YOUR GOAL |
Each entry below must be repeated exactly. Leave the pictures out of it.

START SUPPLIED RECORDS

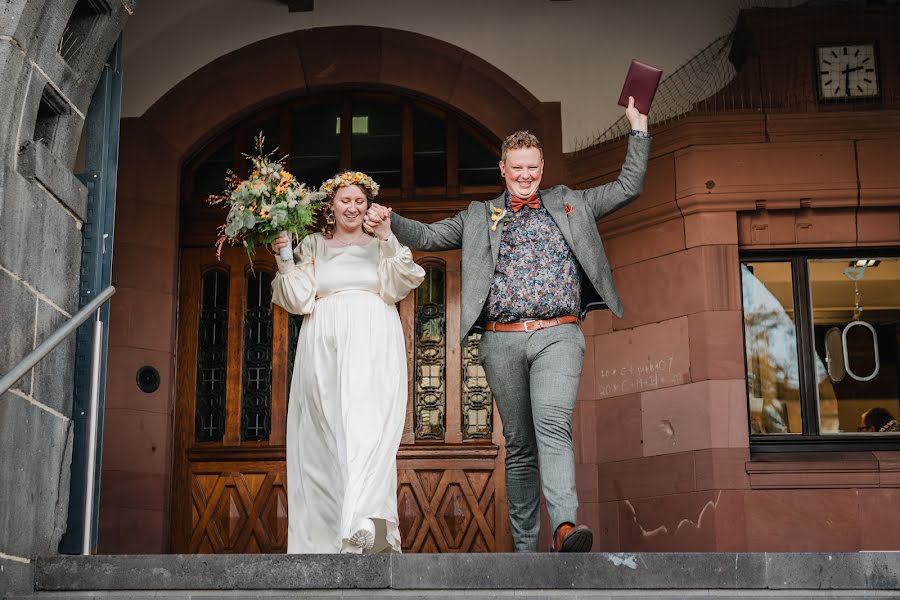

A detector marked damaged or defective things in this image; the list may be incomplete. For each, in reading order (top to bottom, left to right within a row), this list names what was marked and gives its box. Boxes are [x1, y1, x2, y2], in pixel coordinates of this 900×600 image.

rust bow tie [510, 195, 536, 213]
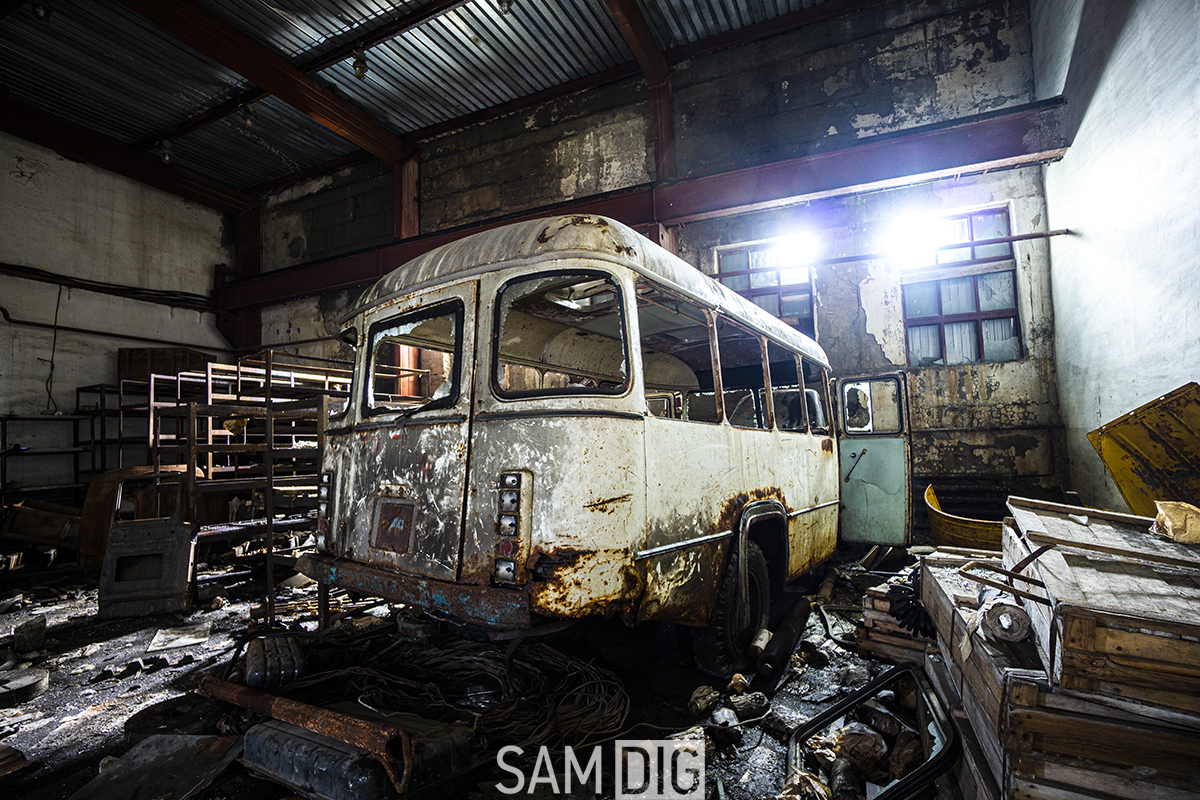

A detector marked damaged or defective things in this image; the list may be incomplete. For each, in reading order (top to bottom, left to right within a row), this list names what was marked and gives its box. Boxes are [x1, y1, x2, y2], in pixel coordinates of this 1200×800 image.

broken window [364, 298, 462, 412]
broken window [494, 274, 632, 398]
broken window [636, 282, 712, 422]
broken window [716, 239, 820, 336]
broken window [904, 270, 1016, 368]
abandoned bus [298, 214, 840, 676]
corroded metal [199, 676, 414, 792]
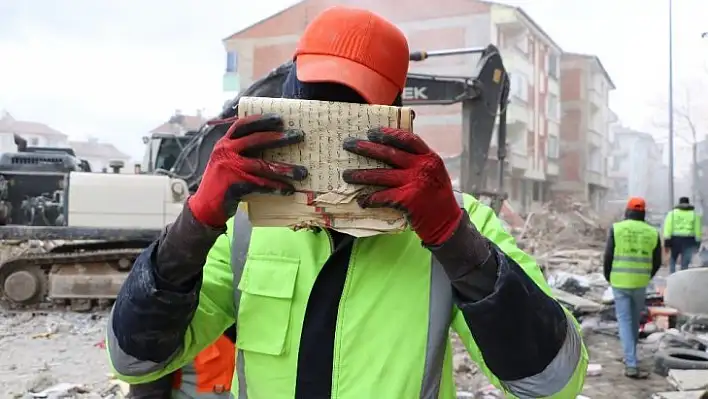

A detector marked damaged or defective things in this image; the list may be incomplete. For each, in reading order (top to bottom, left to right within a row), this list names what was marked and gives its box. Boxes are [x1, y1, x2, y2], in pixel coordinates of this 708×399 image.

damaged book [238, 96, 414, 238]
broken concrete slab [668, 370, 708, 392]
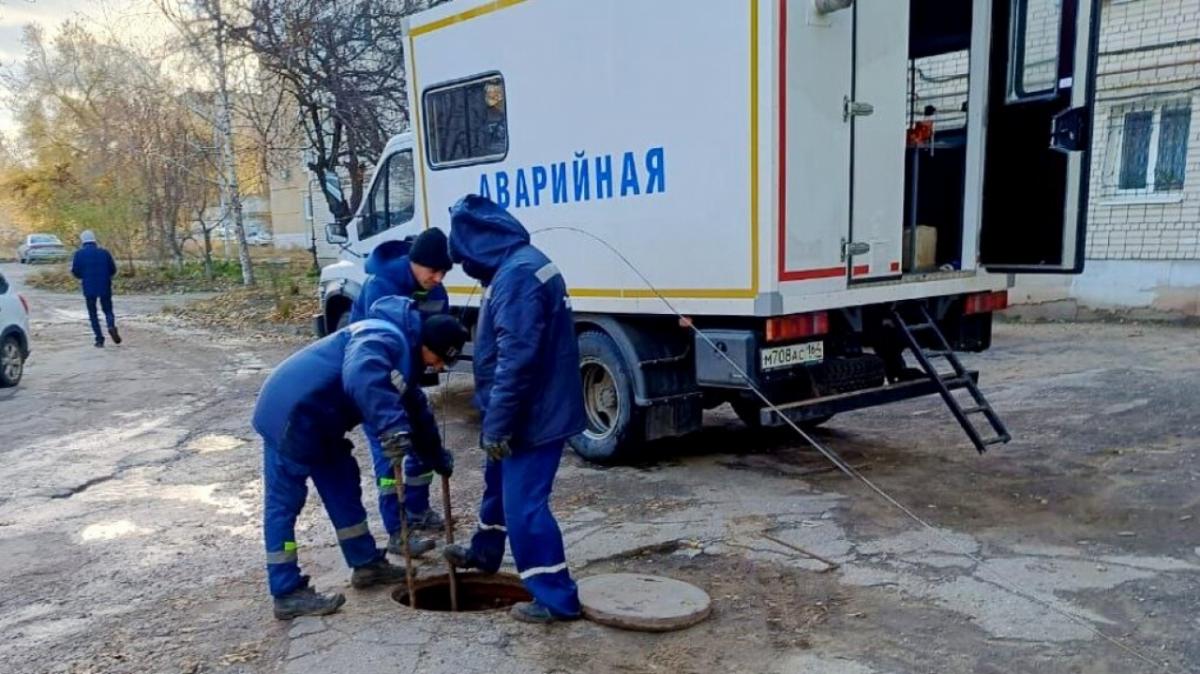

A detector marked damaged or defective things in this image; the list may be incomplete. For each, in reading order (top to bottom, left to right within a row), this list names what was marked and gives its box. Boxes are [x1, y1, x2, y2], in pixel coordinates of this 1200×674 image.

cracked asphalt [0, 257, 1195, 671]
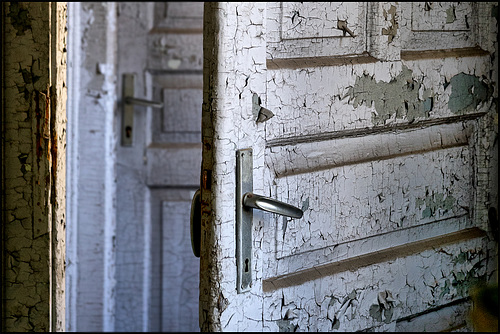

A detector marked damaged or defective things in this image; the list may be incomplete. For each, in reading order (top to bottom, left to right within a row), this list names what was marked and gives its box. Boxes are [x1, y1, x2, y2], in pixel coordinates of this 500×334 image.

yellow peeling paint wall [2, 1, 67, 332]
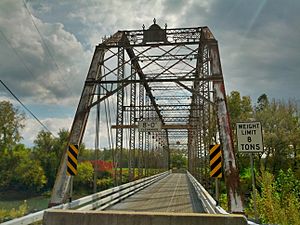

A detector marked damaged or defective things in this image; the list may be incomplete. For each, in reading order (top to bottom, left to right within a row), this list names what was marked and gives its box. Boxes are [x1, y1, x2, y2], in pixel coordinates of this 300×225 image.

rusty steel truss [49, 19, 244, 213]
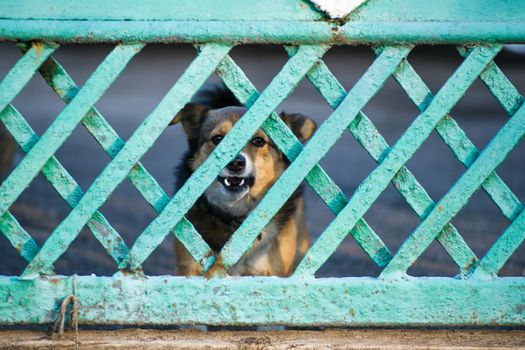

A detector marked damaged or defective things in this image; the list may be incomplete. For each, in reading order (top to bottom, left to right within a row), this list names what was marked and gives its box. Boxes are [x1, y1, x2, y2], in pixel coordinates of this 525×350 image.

white paint chip [310, 0, 366, 19]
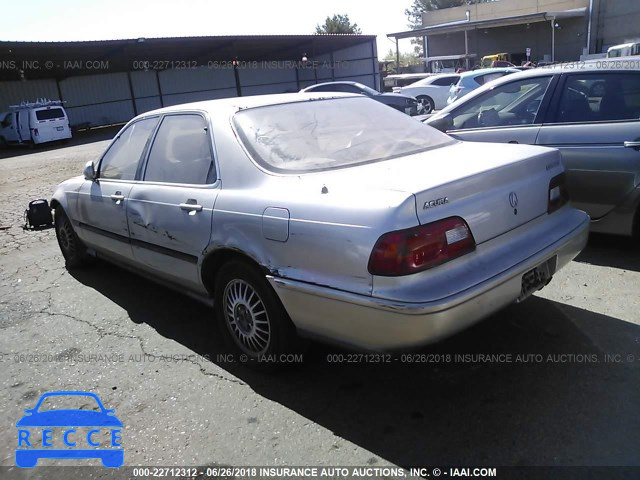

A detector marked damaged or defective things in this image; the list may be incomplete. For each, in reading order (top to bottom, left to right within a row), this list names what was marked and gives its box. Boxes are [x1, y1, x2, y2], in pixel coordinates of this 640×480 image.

cracked rear windshield [232, 96, 452, 173]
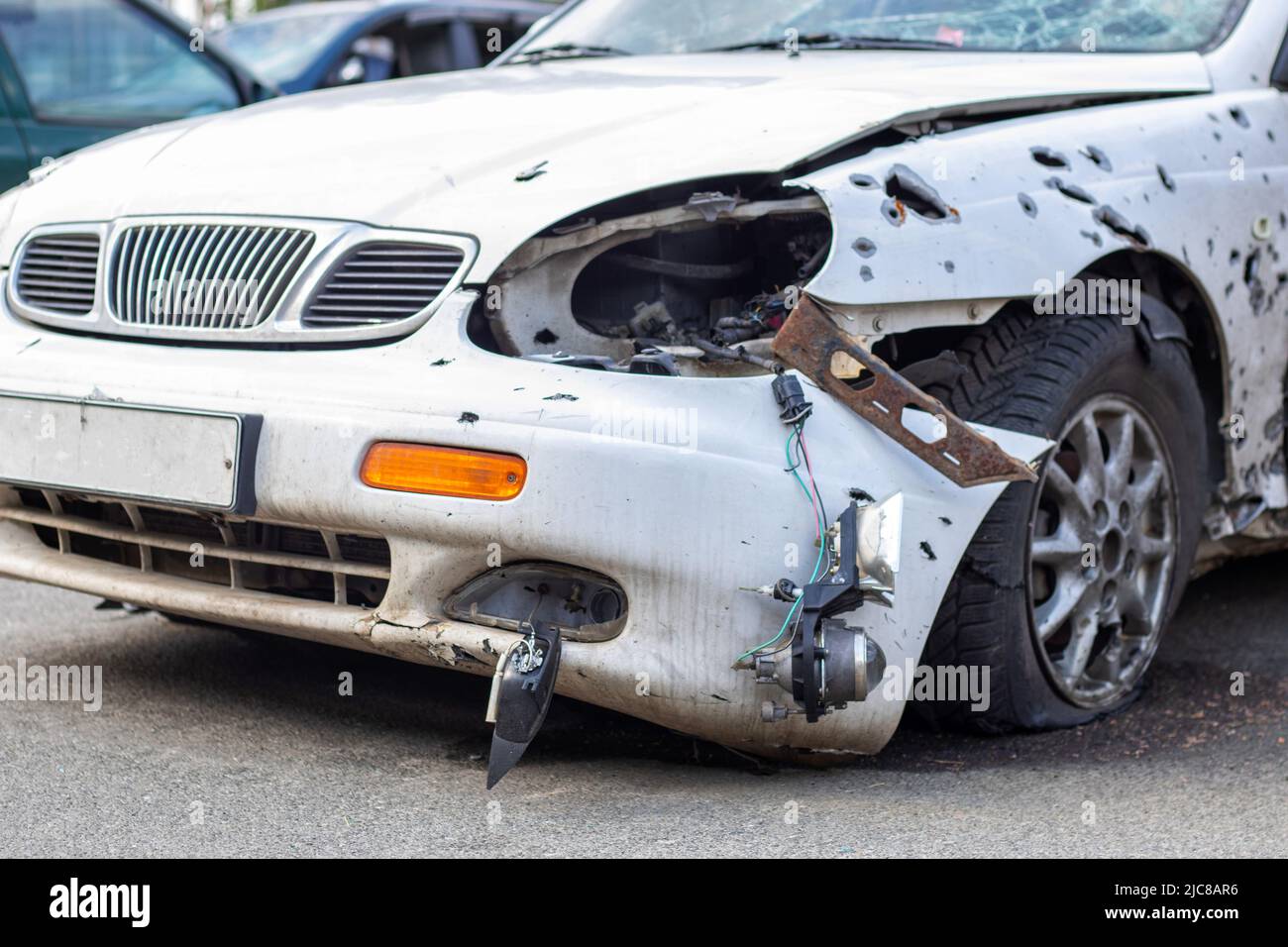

END SUPPLIED RECORDS

ANSWER TO THIS PROBLEM |
A detector marked damaged or defective things in this image; the list may be incomplete. For each, in reading order (top to bottom, left to right within a row), this list names what was marked and gives its box. Boxes are [x1, y1, x2, y2], in pixel coordinates of this 900×600 image.

rust bow tie [510, 195, 536, 213]

A detector marked damaged or defective things in this image; the list may be incomplete. For each, in reading order (top to bottom, left to right within a row), this list names what was marked and gives its box. Boxes are [x1, y1, x2, y2], in pixel coordinates of this 1200×800 image.

broken window [364, 298, 462, 412]
broken window [494, 274, 632, 398]
broken window [636, 282, 712, 422]
broken window [716, 239, 820, 336]
broken window [904, 270, 1016, 368]
abandoned bus [298, 214, 840, 676]
corroded metal [199, 676, 414, 792]

A detector marked damaged or defective things in this image; the list may be incomplete. For each, in reading order (top to bottom, left to right within a row), this list names what was marked and gives its box. Boxes are [x1, y1, x2, y2], in pixel coordinates of this 708×399 image.

damaged book [238, 96, 414, 238]
broken concrete slab [668, 370, 708, 392]

A detector marked damaged or defective things in this image; the list may be incomplete. For each, in reading order (top to bottom, left to right within a row), this list names what was marked and gives its box. Boxes are [x1, y1, x2, y2], in pixel coordinates of this 1200×674 image.

cracked asphalt [0, 257, 1195, 671]

A detector marked damaged or defective things in this image; the list may be incomplete. For each, in reading order (top to bottom, left to right within a row), this list names what was marked and gives its box. Boxes are [x1, y1, x2, y2], in pixel coordinates of this 500×334 image.

yellow peeling paint wall [2, 1, 67, 332]

A detector marked damaged or defective things in this image; the list may be incomplete. For each, in reading order (top to bottom, left to right within a row), this list names what was marked and gives its box. Boxes are [x1, y1, x2, y2], in pixel coordinates of this 300×225 image.

rusty steel truss [49, 19, 244, 213]

A detector marked damaged or defective things in this image; the list may be incomplete. For each, in reading order (top to bottom, left to right within a row), this list names what was marked and gives its box. Boxes are [x1, y1, x2, y2], in pixel coordinates of this 525×350 image.

white paint chip [310, 0, 366, 19]

A detector marked damaged or defective things in this image; the list may be incomplete. For each, in reading order (top to bottom, left to right within a row), this list names what was marked and gives its box. Boxes are [x1, y1, x2, y2], in pixel coordinates of this 640×480 image.

cracked rear windshield [232, 96, 452, 173]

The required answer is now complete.